**EXERCISE**
Output the data below exactly as it is, dropping the pictures from your copy.

**DATA BLOCK**
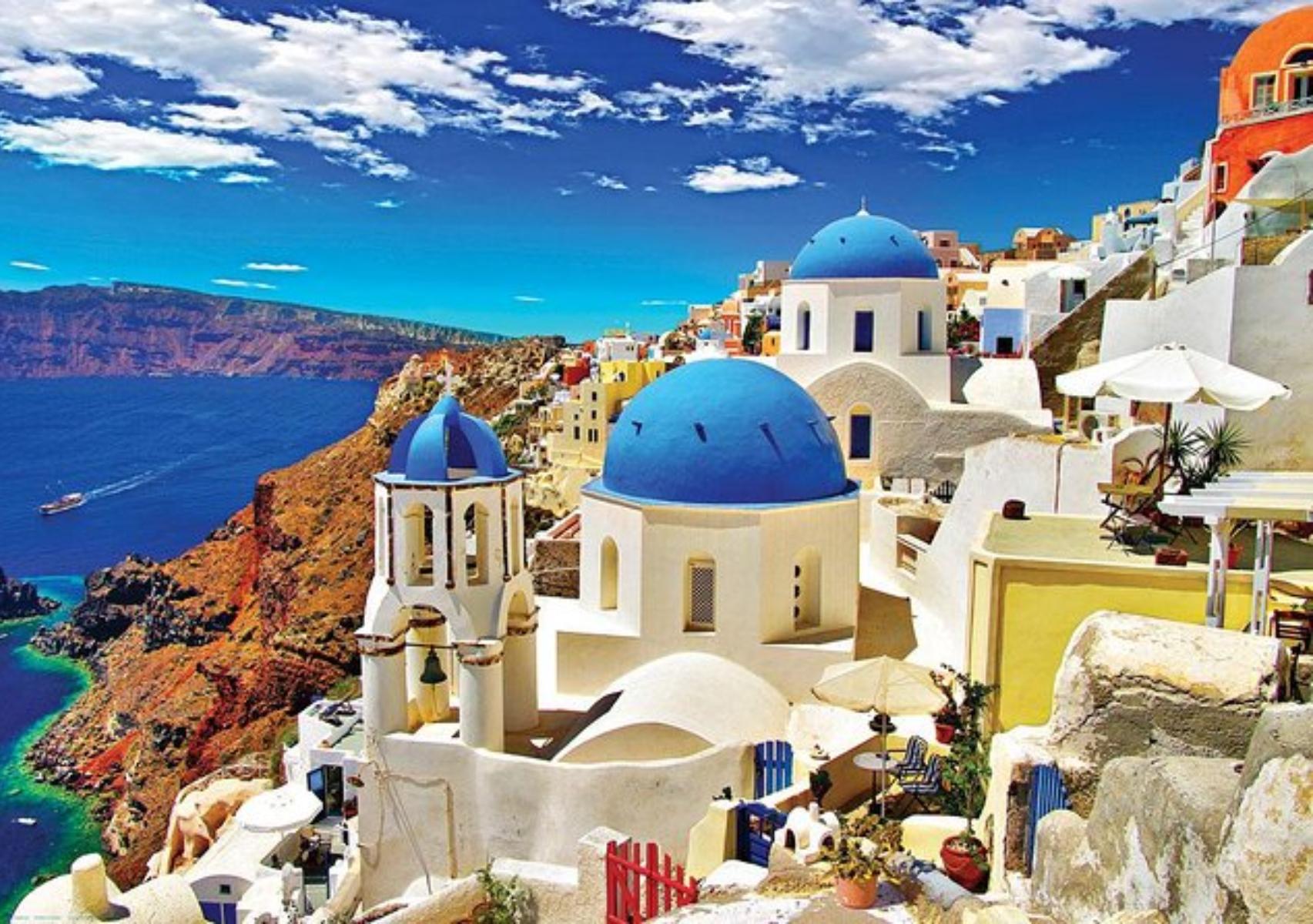 Πάσχα στη Σαντορίνη: Εκεί που τα ήθη και τα έθιμα βρίσκουν το χαμένο τους νόημα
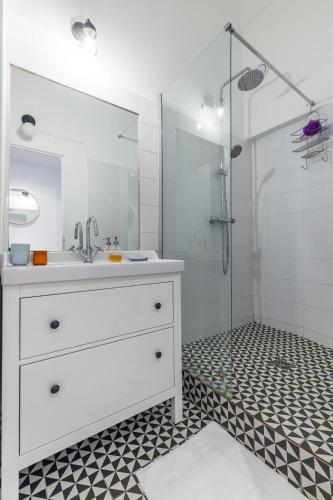 une salle de bain avec un lavabo et une douche dans l'établissement Le Moulin, à Marseille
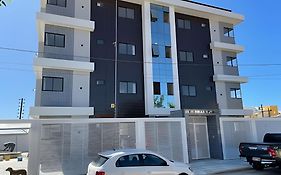 03 quartos (ar condicionado e ventilador), até 10 pessoas, garagem, atrás do hospital da Unimed apt 202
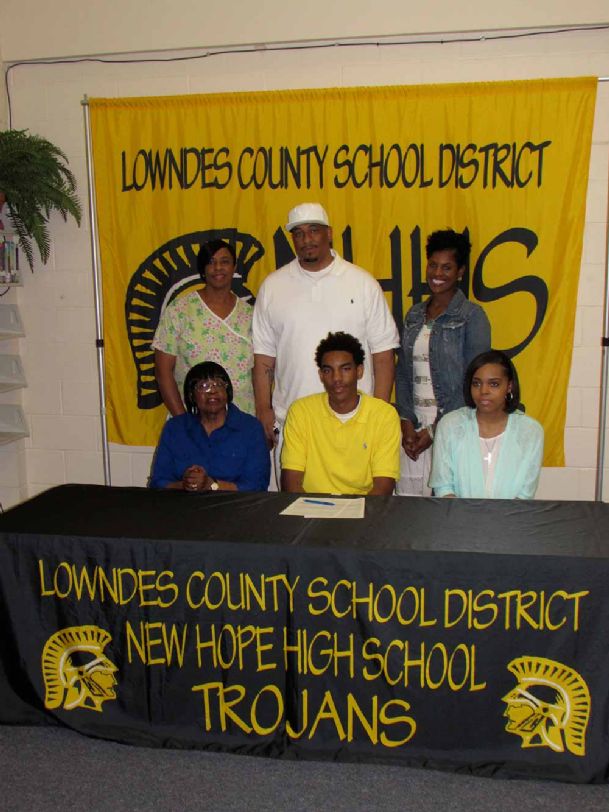 New Hope’s Jennings signs with Northeast Mississippi C.C.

**SOLUTION TO THIS TASK**
 Πάσχα στη Σαντορίνη: Εκεί που τα ήθη και τα έθιμα βρίσκουν το χαμένο τους νόημα
 une salle de bain avec un lavabo et une douche dans l'établissement Le Moulin, à Marseille
 03 quartos (ar condicionado e ventilador), até 10 pessoas, garagem, atrás do hospital da Unimed apt 202
 New Hope’s Jennings signs with Northeast Mississippi C.C.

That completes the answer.